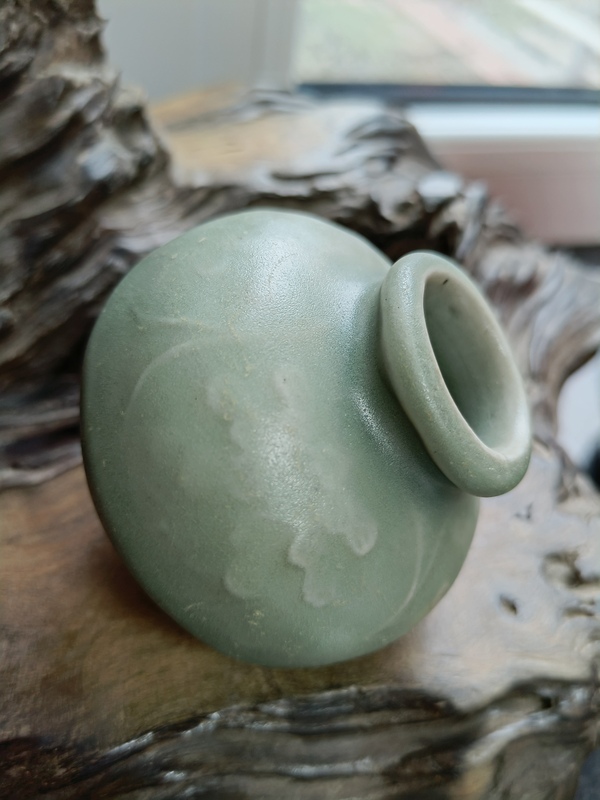 古玩陶瓷元——龍泉窯梅子青花卉紋水丞拍賣(mài),當(dāng)前價(jià)格5588元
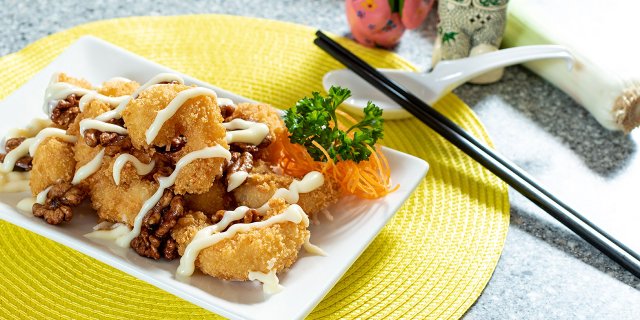 Golden Shrimp w/ Honey Walnut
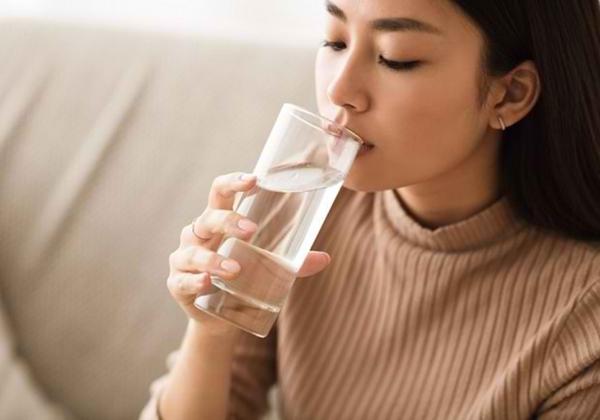 Wajib Tahu! Sembuh dari Segala Penyakit Cukup Minum Air Putih Saat Perut Kosong di Pagi Hari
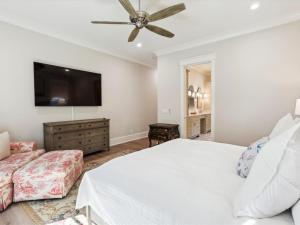 50 Planters Wood Drive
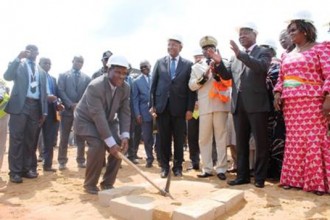 Côte dÂ’Ivoire : Duncan lance le bitumage des voies urbaines  de San Pedro 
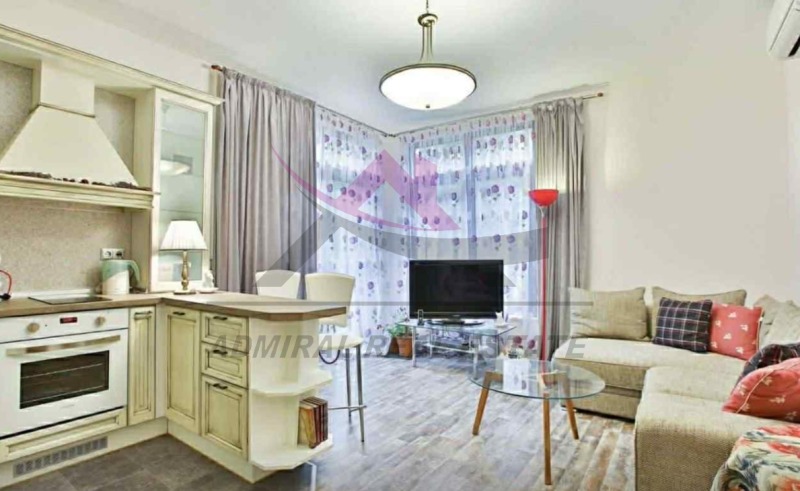 Продава 2-СТАЕН, гр. Варна, Бриз, снимка 2 - Апартаменти - 52717456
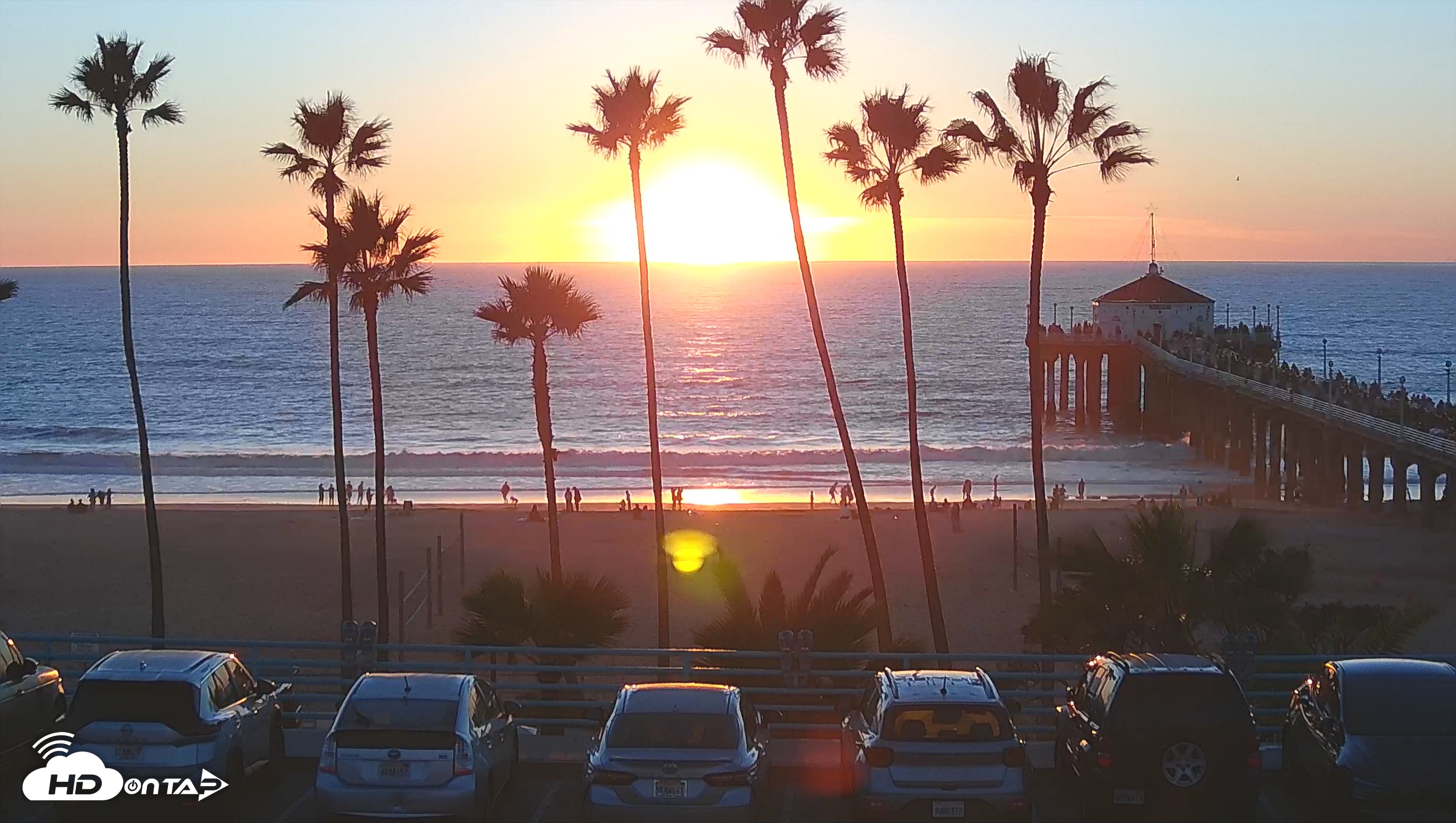 Snapshot of Manhattan Beach Pier South Live Webcam taken Nov 23, 2025, 4:41pm PST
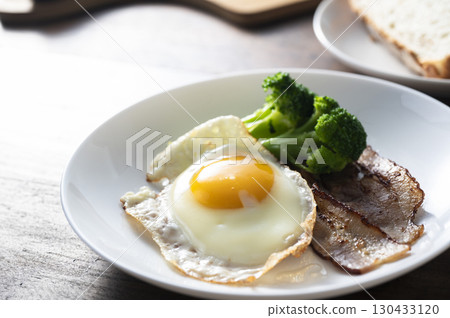 培根、雞蛋和黑麥麵包早餐 130433120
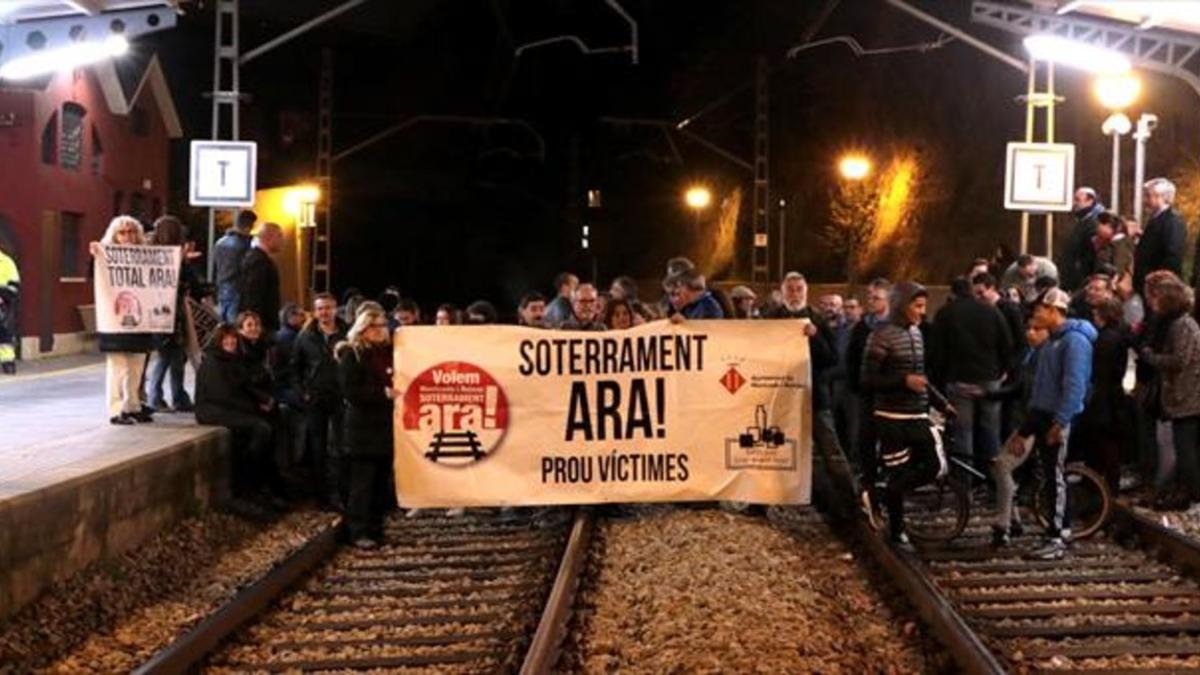 Manifestación en Montcada i Reixac, el pasado febrero, para reclamar el soterramiento de la vía del tren.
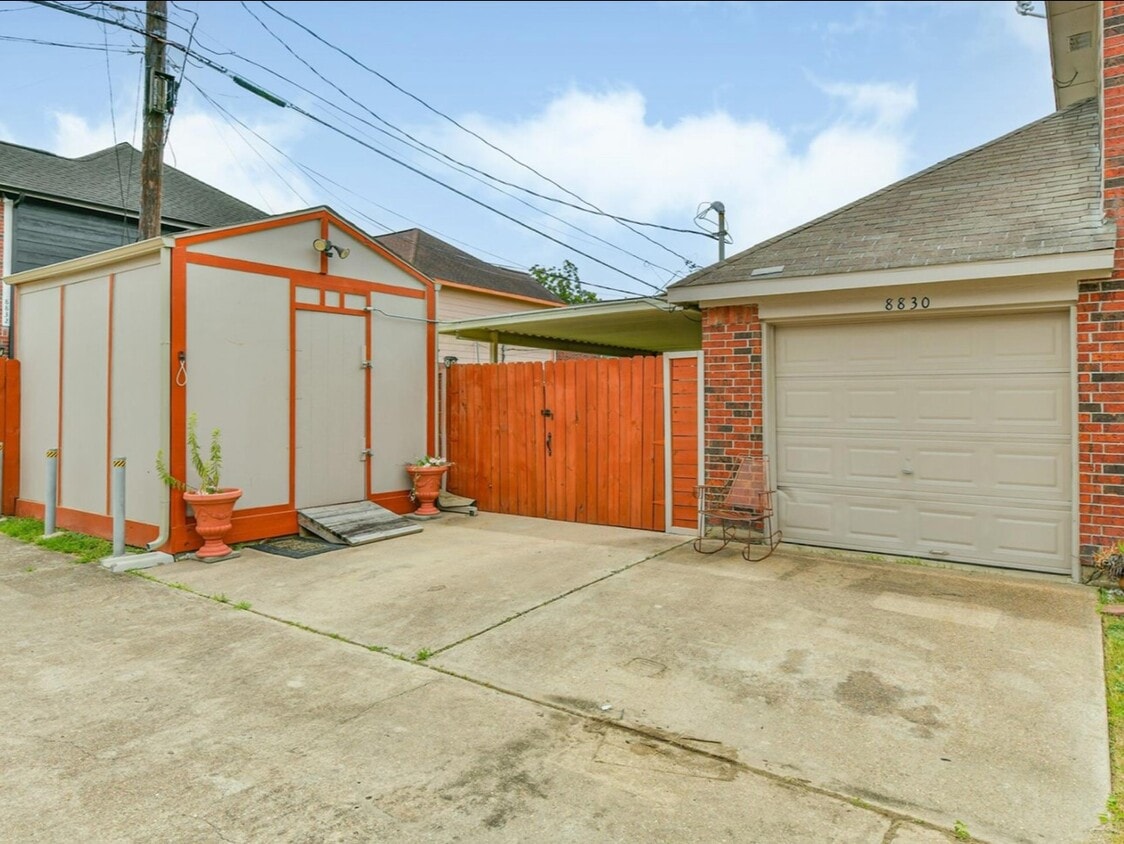 Foto del edificio - 8830 Ledge St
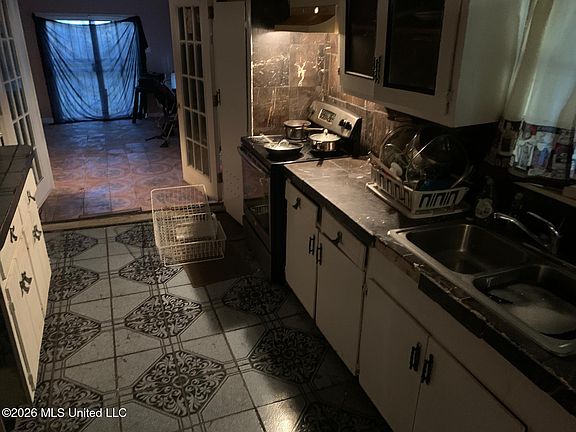 4th image of 3329 Hollywood Ave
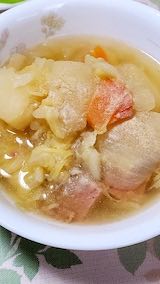 20230422お昼ご飯中華風野菜スープ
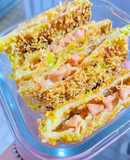 Sandwich nhân xúc xích mayo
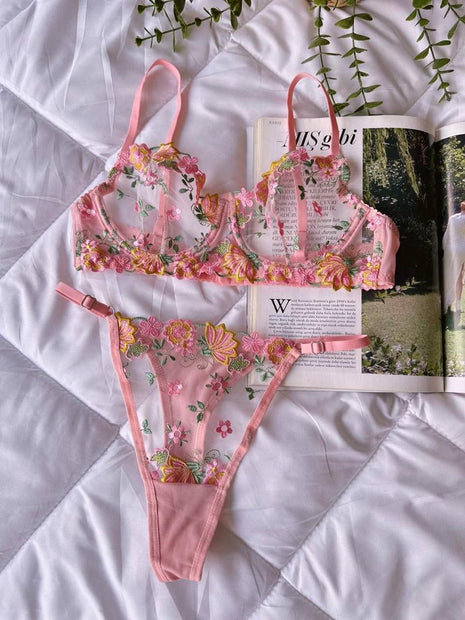 Ensemble bralette et culotte à motifs floraux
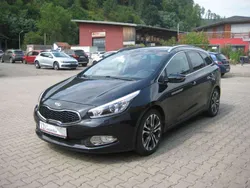 (1k) black pearl Gebraucht 2014 Kia Ceed Sportswagon Platinum Kombi | 13.000 € (Teuer)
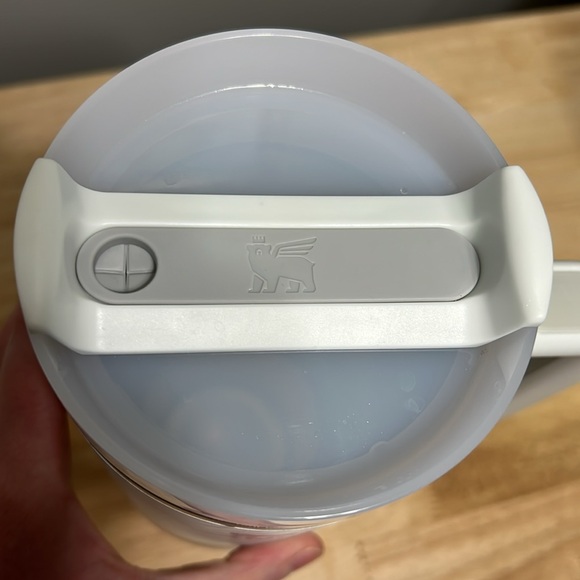 Stanley 40 oz (small dent at bottom- otherwise EUC) - Picture 2 of 7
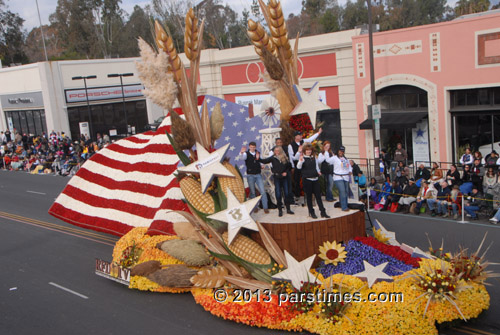 RFD-TV Float - Pasadena (January 1, 2013) - by QH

══════════════════════════════

§ **Exercise description**:
Restate the records word for word, omitting images.

§ **Your solution**:
 古玩陶瓷元——龍泉窯梅子青花卉紋水丞拍賣(mài),當(dāng)前價(jià)格5588元
 Golden Shrimp w/ Honey Walnut
 Wajib Tahu! Sembuh dari Segala Penyakit Cukup Minum Air Putih Saat Perut Kosong di Pagi Hari
 50 Planters Wood Drive
 Côte dÂ’Ivoire : Duncan lance le bitumage des voies urbaines  de San Pedro 
 Продава 2-СТАЕН, гр. Варна, Бриз, снимка 2 - Апартаменти - 52717456
 Snapshot of Manhattan Beach Pier South Live Webcam taken Nov 23, 2025, 4:41pm PST
 培根、雞蛋和黑麥麵包早餐 130433120
 Manifestación en Montcada i Reixac, el pasado febrero, para reclamar el soterramiento de la vía del tren.
 Foto del edificio - 8830 Ledge St
 4th image of 3329 Hollywood Ave
 20230422お昼ご飯中華風野菜スープ
 Sandwich nhân xúc xích mayo
 Ensemble bralette et culotte à motifs floraux
 (1k) black pearl Gebraucht 2014 Kia Ceed Sportswagon Platinum Kombi | 13.000 € (Teuer)
 Stanley 40 oz (small dent at bottom- otherwise EUC) - Picture 2 of 7
 RFD-TV Float - Pasadena (January 1, 2013) - by QH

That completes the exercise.